Words by Eliza Janssen
Along with incessant photographic documentation and a militant attitude towards political correctness, millennials have long been accused of being fervently proud of their childhoods for no apparent reason. I should know. I’m a certified member of this mob. Merely mentioning the early 2000’s in the right group of 18-to-25-year-olds is enough to spark a dick-measuring contest about who knows all the lyrics to the ‘Round The Twist‘ theme song. As far as Facebook pages like ‘Australian Millennials’ and clickbait mogul Buzzfeed are concerned, Furby is still the coolest toy around, and the underprivileged youth of today might as well consign themselves to a life in the gutter, having missed out on S Club 7’s musical pearls of wisdom.
Improv Conspiracy’s cast of three is acutely aware of how gratifying this brand of nostalgia can be for a certain demographic, and in their sketch comedy show Who We Were, common middle school experiences and pop culture fixations are skewered with obvious affection. These references span from the internationally beloved (Harry Potter) to distinctively local lore (that weird ‘S’ shape every school child in Australia somehow knows how to draw).

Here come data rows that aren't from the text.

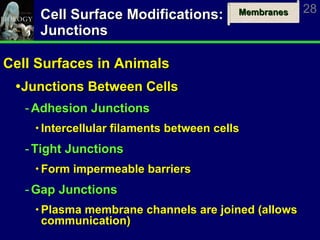 Cell Surface Modifications: Junctions Cell Surfaces in Animals Junctions Between Cells Adhesion Junctions   Intercellular filaments between cells Tight Junctions Form impermeable barriers Gap Junctions Plasma membrane channels are joined (allows communication) 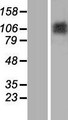 MATN2 / Matrilin 2 Protein - Western validation with an anti-DDK antibody * L: Control HEK293 lysate R: Over-expression lysate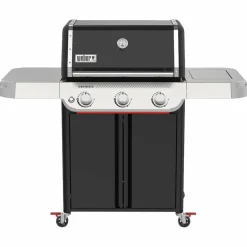 Genesis E-315 Gassgrill 2025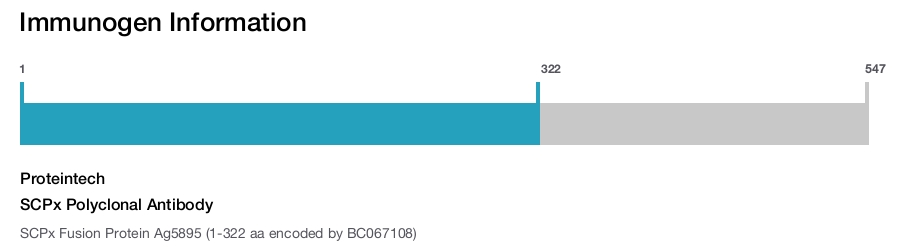 SCPx Polyclonal Antibody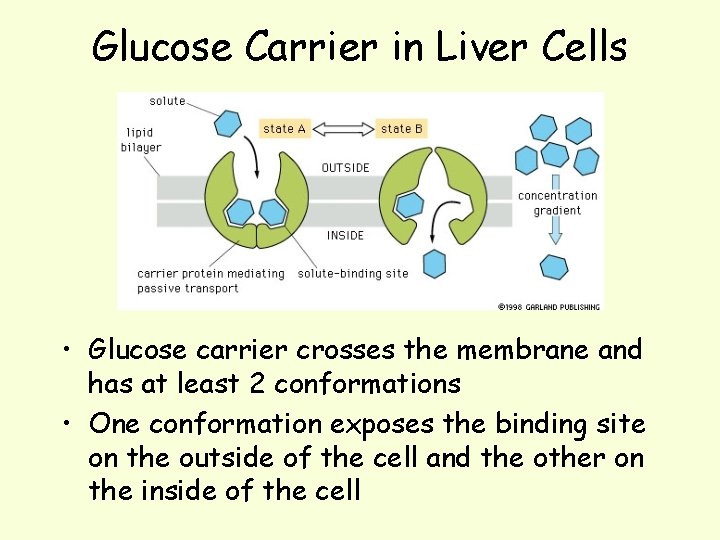 Glucose Carrier in Liver Cells • Glucose carrier crosses the membrane and has at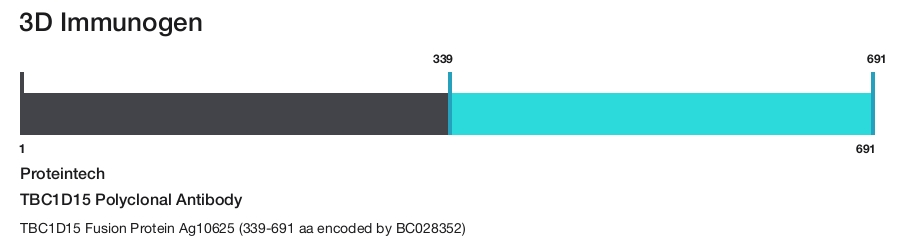 TBC1D15 Polyclonal Antibody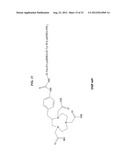 Methods and Compositions for F-18 Labeling of Proteins, Peptides and Other     Molecules diagram and image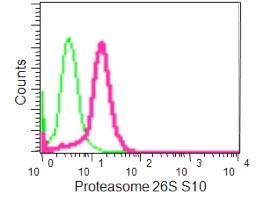 Flow Cytometry (Intracellular) - Anti-Gankyrin antibody [EPR14456(2)] (AB188315)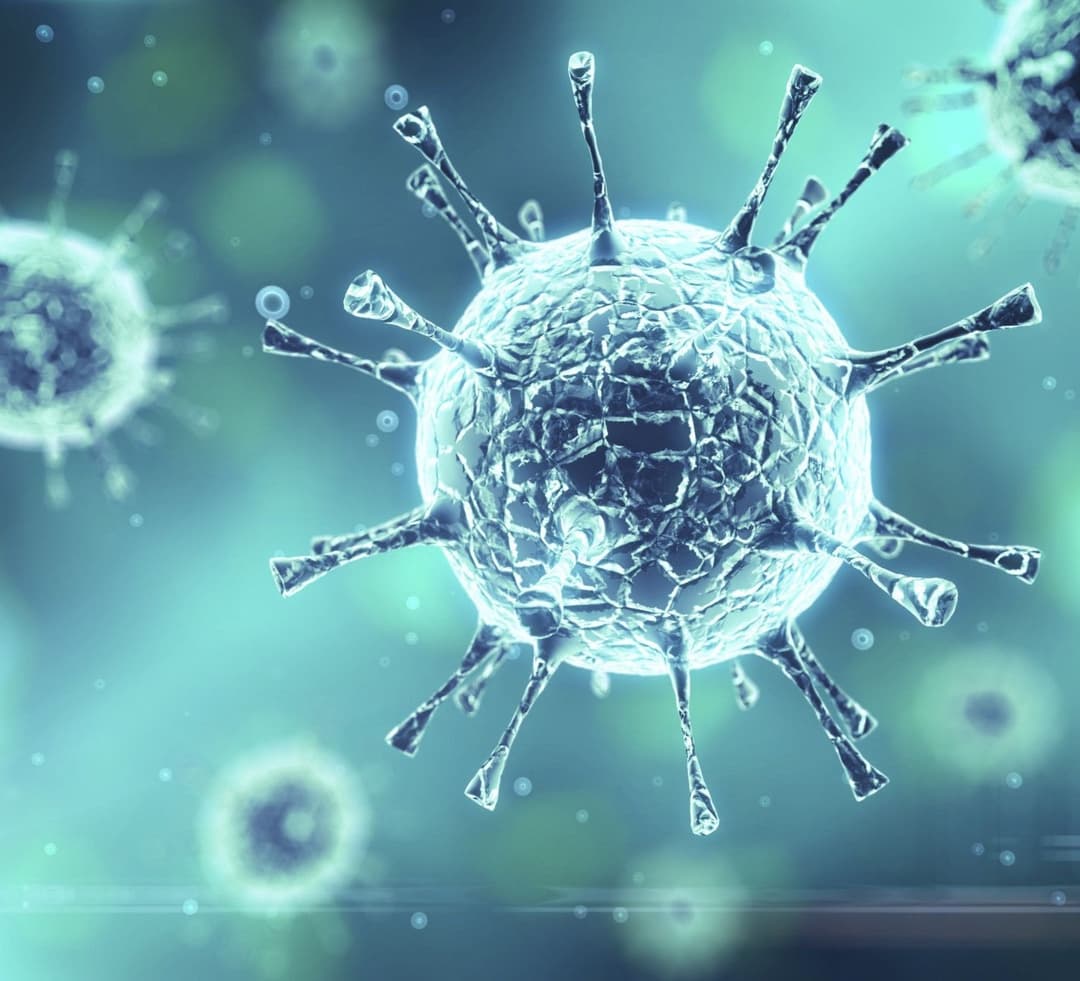 228 new cases of coronavirus were detected in Georgia, 425 people recovered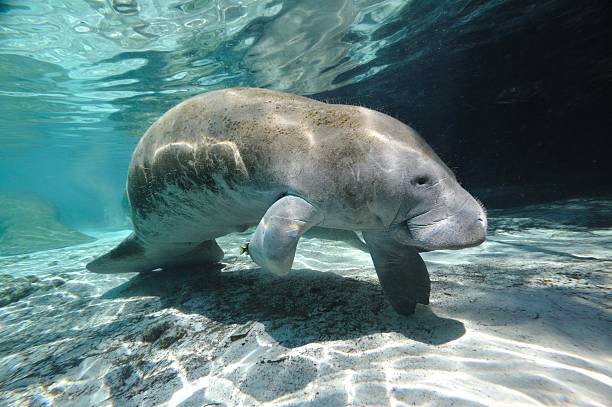 manatí - manatee fotografías e imágenes de stock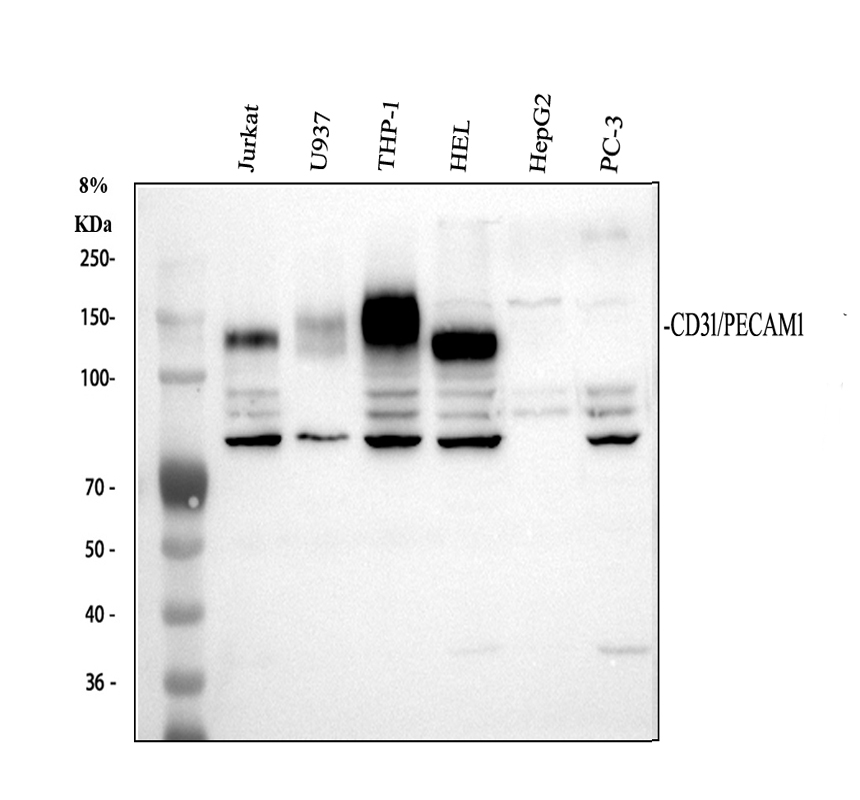 Western blot analysis of PECAM1/CD31 using anti-PECAM1/CD31 antibody (PA1950-1)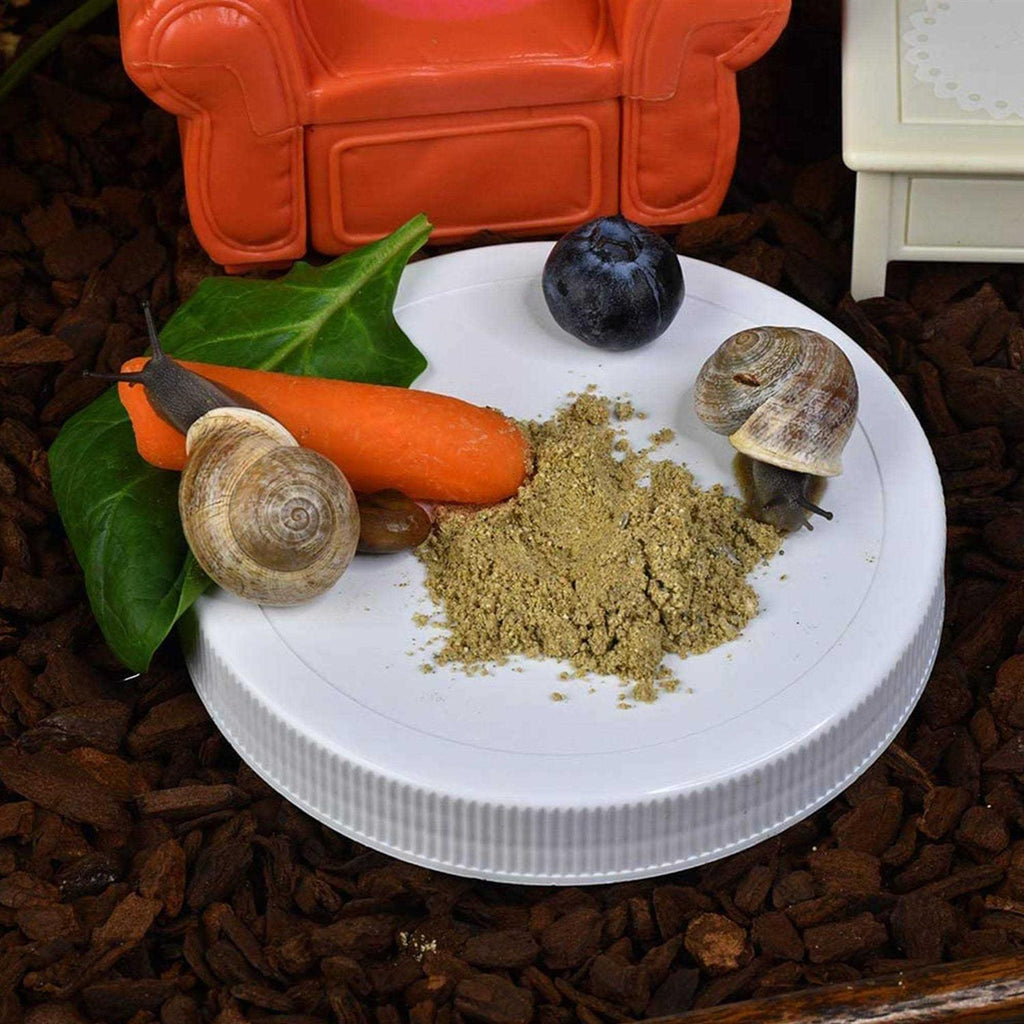 Vegetable Flavored Pet Land Snail Food High-Protein N401633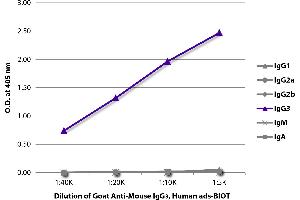 ELISA plate was coated with purified mouse IgG1, IgG2a, IgG2b, IgG3, IgM, and IgA. (Goat anti-Mouse IgG3 (Heavy Chain) Antibody (Biotin))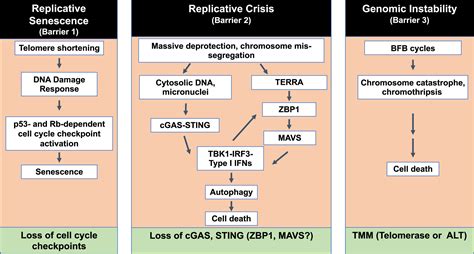 Ends End It Via Mitochondria A Telomere Dependent Tumor Suppressive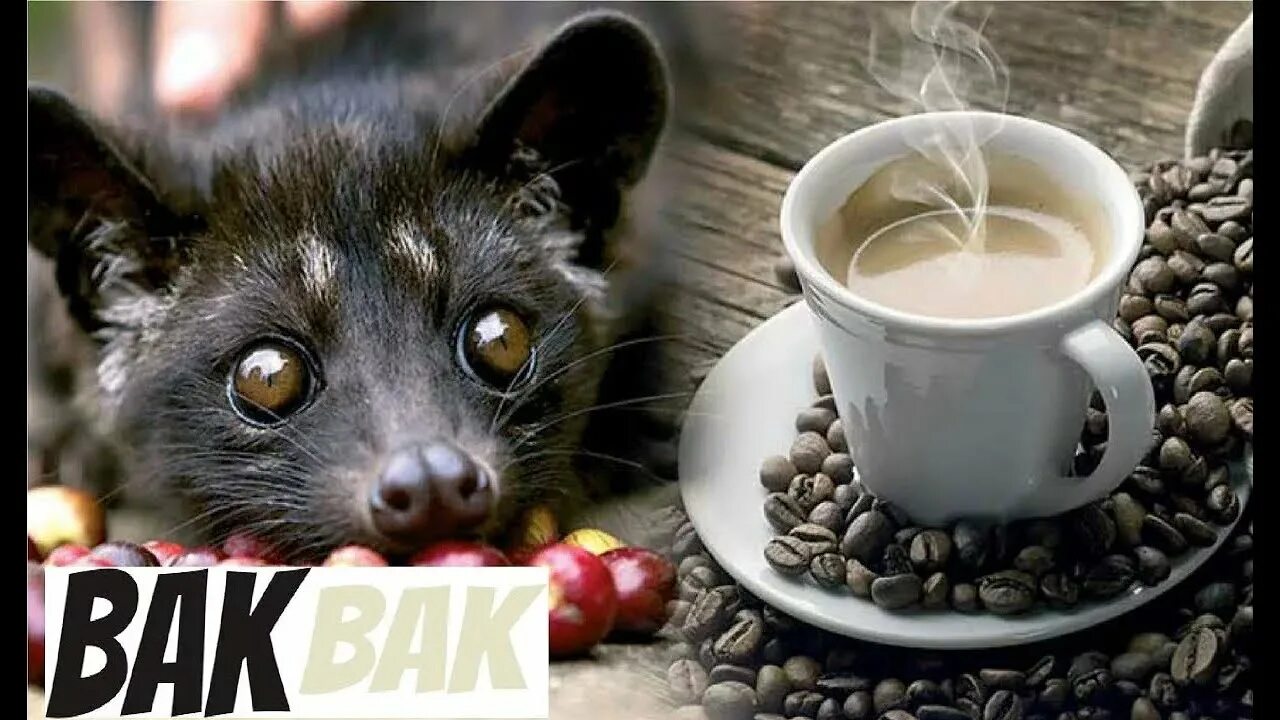 Five Coffee Mysteries the Bean’s Genes May Crack Smithsonian
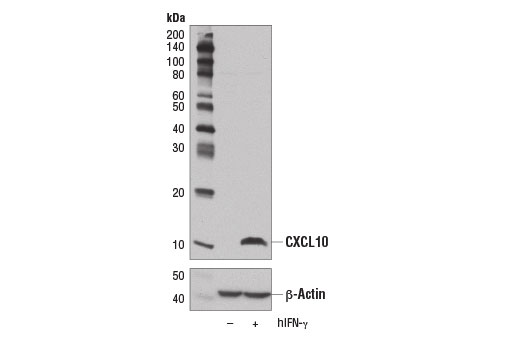  Image 13: Senescence Associated Secretory Phenotype (SASP) Antibody Sampler Kit
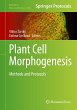 Plant Cell Morphogenesis - Bild 1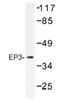 Prostaglandin E2 receptor EP3 subtype antibody, AP01424PU-N, Origene, Western Blot image 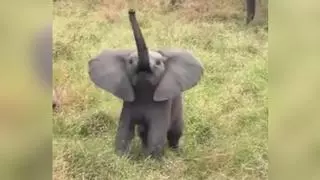Vídeo | La escena viral de un elefante bebé que intenta asustar a unos turistas de safari en Sudáfrica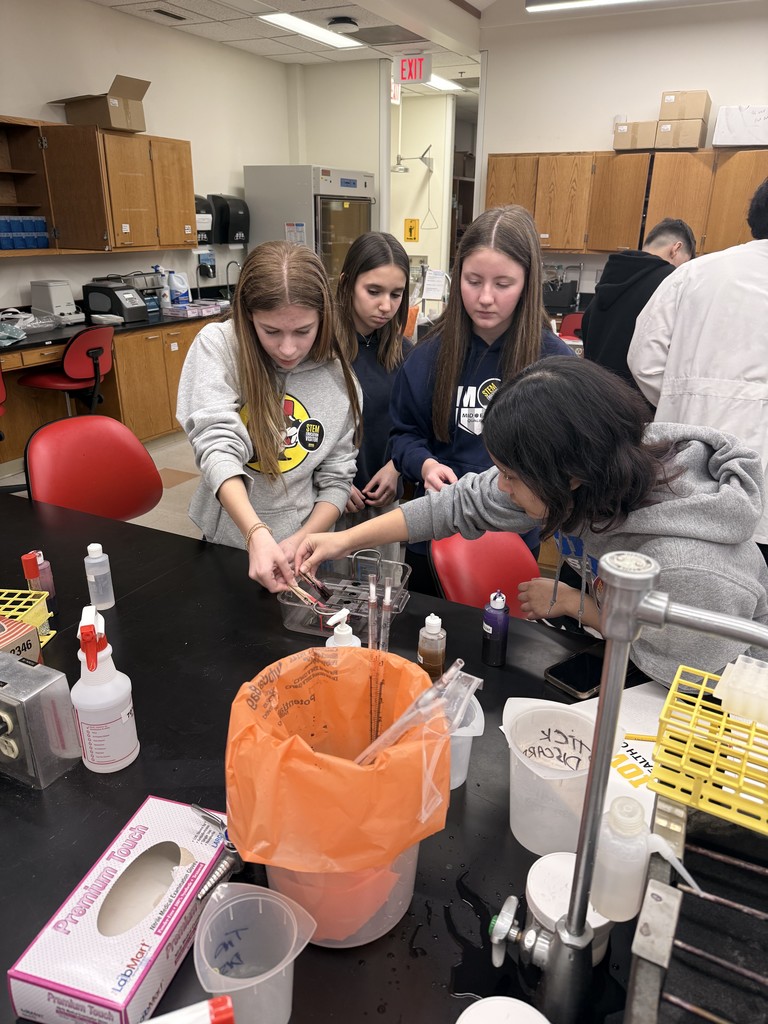 8th grade students worked with Iowa PA students to learn how to give stitches and also got to look at their own DNA and bacteria. 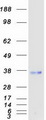 FSTL1 Protein - Purified recombinant protein FSTL1 was analyzed by SDS-PAGE gel and Coomassie Blue Staining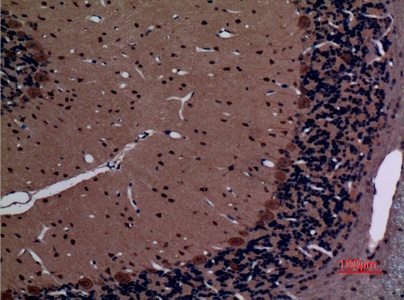 Fig.3. Immunohistochemical analysis of paraffin-embedded rat-brain, antibody was diluted at 1:100.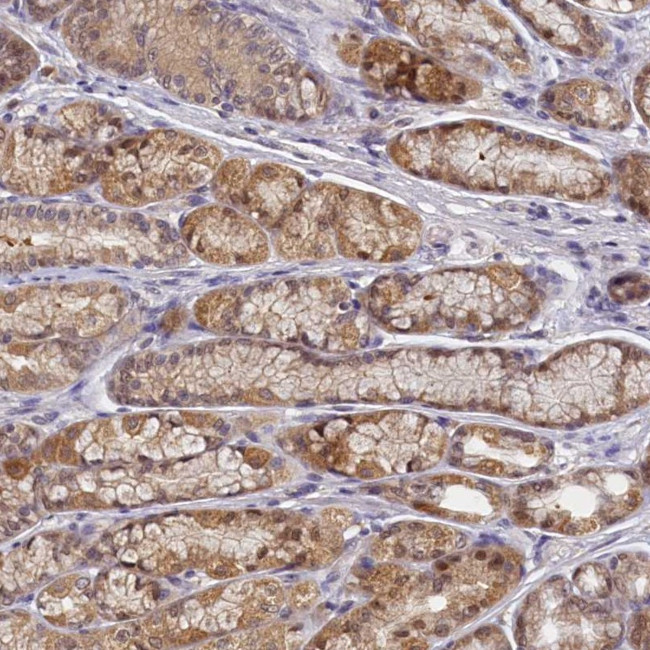 PAAF1 Antibody in Immunohistochemistry (Paraffin) (IHC (P))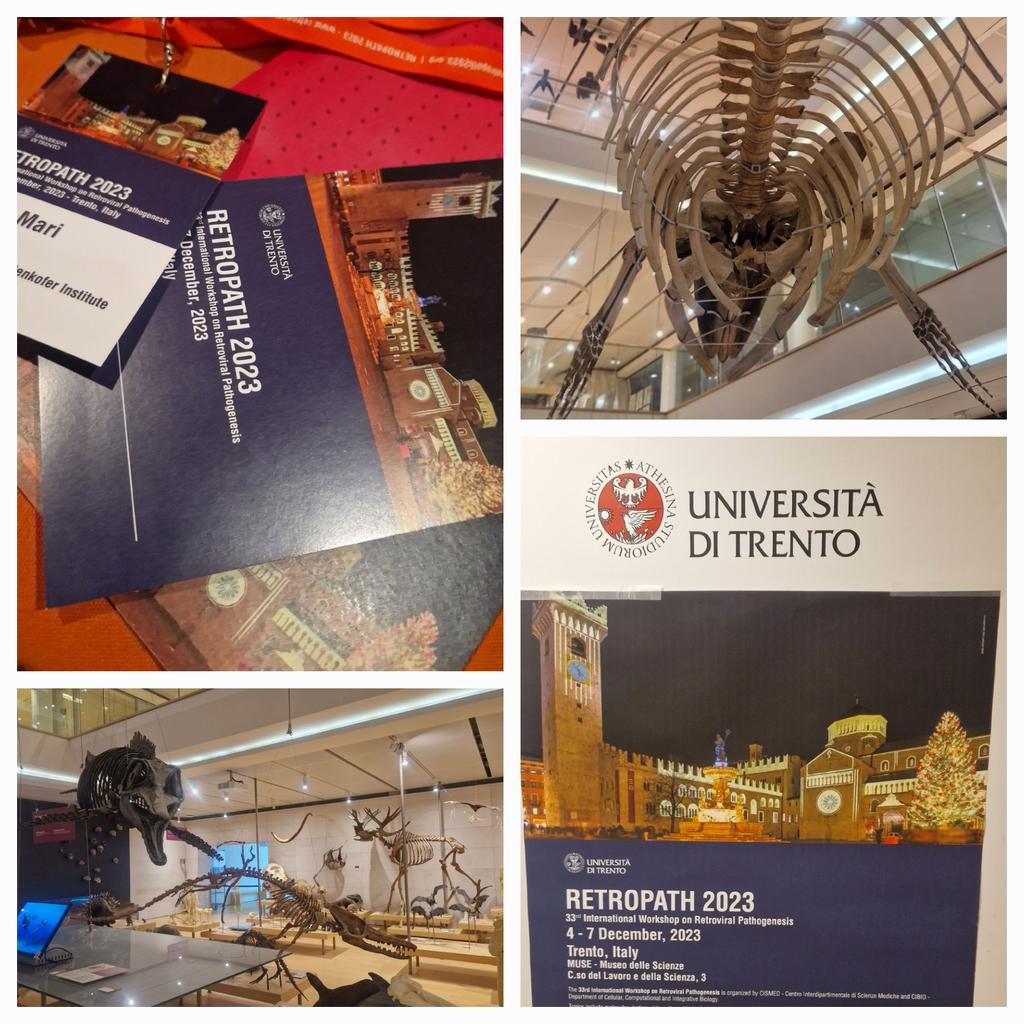 Baldauf Lab (@baldauf_lab) on Twitter photo What a great kick-off <a href="/Retro_Path/">International Workshop on Retroviral Pathogenesis</a> in <a href="/MUSE_Trento/">MUSE_Museum</a> 🤩, today with more insights into "pathogenesis, latency and persistence" and "endogenous retroviruses" #Retropath What a great kick-off <a href="/Retro_Path/">International Workshop on Retroviral Pathogenesis</a> in <a href="/MUSE_Trento/">MUSE_Museum</a> 🤩, today with more insights into "pathogenesis, latency and persistence" and "endogenous retroviruses" #Retropath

Against a backdrop of rainbow-coloured streamers, the genial young cast nail the cadence of awkward 7th-graders in every sketch, but the more conceptual jokes consistently stand out. An imagining of what kids see when they picture the future (a rad class reunion at Caribbean Rollerama) has each character tossing up whether to vote for Heath Ledger or Steve Irwin in the upcoming national election, ‘because they’re both still alive!’ My favourite sketch was an increasingly disturbing Powerpoint presentation about what the narrator did on their holiday, replete with achingly slow animations of ClipArt bouncing across the projected screen.
Whether or not these fondly-lampooned fossils from 2003 AD will have emotional resonance or even a factor of recognition for any viewers outside the show’s limited demographic is unclear. In between the sketches, each cast member is granted a short monologue in which they relate a sincere personal story, founded in school camp heartbreak or cafeteria humiliation. These storytelling segments, and the handful of sketches in which musical comedy is employed, rely less on the audience’s responsive laughter, and provide nice moments of oxygen amidst the hilarity. But they’re also probably the only components of Who We Were that may be meaningful to anyone outside the constricted age bracket of the show’s ideal audience.
Ultimately I found Improv Conspiracy’s cabaret of post-grunge pleasures more satisfying than pandering, and was impressed at the big laughs the cast managed in an hour of 5-minute sketches. Brevity and imagination reign when it comes to sketch shows, and Who We Were manages both, snapping from pastiche to poignancy with the ease of the top half of a Motorola Razr. Oh my god, do you guys remember those? Razrs? I love the 2000s.